[Source records]
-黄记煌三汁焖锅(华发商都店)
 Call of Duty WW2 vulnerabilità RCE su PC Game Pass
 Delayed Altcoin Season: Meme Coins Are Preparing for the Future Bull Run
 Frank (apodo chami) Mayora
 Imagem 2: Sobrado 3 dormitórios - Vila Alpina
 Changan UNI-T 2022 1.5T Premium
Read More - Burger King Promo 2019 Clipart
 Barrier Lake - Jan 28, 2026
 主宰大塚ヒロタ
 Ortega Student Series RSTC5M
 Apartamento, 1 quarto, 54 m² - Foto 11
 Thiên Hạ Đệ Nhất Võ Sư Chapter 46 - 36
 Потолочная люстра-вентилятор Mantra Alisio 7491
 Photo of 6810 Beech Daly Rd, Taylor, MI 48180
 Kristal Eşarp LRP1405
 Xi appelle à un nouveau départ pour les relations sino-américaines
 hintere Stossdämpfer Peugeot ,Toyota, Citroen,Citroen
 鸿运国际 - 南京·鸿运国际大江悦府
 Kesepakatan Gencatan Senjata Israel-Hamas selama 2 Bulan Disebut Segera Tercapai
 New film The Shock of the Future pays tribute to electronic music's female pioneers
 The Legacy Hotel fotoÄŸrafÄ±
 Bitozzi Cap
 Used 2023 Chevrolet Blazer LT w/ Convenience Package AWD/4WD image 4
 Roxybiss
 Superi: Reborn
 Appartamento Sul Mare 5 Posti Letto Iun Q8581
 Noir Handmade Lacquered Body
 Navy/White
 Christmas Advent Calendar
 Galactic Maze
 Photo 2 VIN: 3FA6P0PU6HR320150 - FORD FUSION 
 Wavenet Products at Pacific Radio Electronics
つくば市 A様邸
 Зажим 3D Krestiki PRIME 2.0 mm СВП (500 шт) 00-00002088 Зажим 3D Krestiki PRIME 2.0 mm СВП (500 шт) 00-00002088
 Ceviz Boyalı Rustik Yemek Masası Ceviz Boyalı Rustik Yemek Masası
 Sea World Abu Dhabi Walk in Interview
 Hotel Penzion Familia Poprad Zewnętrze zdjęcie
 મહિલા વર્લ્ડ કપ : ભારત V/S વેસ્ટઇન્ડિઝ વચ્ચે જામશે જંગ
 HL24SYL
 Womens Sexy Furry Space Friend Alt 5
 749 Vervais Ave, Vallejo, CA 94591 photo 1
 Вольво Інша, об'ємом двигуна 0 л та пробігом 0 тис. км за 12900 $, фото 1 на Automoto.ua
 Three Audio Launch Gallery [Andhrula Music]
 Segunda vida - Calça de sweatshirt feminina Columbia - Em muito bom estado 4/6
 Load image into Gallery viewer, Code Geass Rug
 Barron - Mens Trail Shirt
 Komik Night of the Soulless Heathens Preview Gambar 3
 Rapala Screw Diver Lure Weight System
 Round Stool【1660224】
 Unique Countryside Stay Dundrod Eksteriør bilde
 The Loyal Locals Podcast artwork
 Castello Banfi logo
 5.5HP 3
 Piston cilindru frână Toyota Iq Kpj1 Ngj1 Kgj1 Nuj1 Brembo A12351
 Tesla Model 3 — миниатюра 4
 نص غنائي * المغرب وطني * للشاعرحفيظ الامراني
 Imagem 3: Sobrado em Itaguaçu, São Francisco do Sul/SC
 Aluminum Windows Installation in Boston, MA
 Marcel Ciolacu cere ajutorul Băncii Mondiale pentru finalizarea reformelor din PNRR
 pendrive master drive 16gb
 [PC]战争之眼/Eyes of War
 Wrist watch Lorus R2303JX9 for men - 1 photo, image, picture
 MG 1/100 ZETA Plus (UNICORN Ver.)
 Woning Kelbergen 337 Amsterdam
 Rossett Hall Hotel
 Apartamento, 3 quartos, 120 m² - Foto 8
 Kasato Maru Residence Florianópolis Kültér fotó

WHAT THIS TASK INVOLVES: Please count the lines that hold "Gallery" in this data and report the total alone.

RESPONSE TO THIS TASK: 2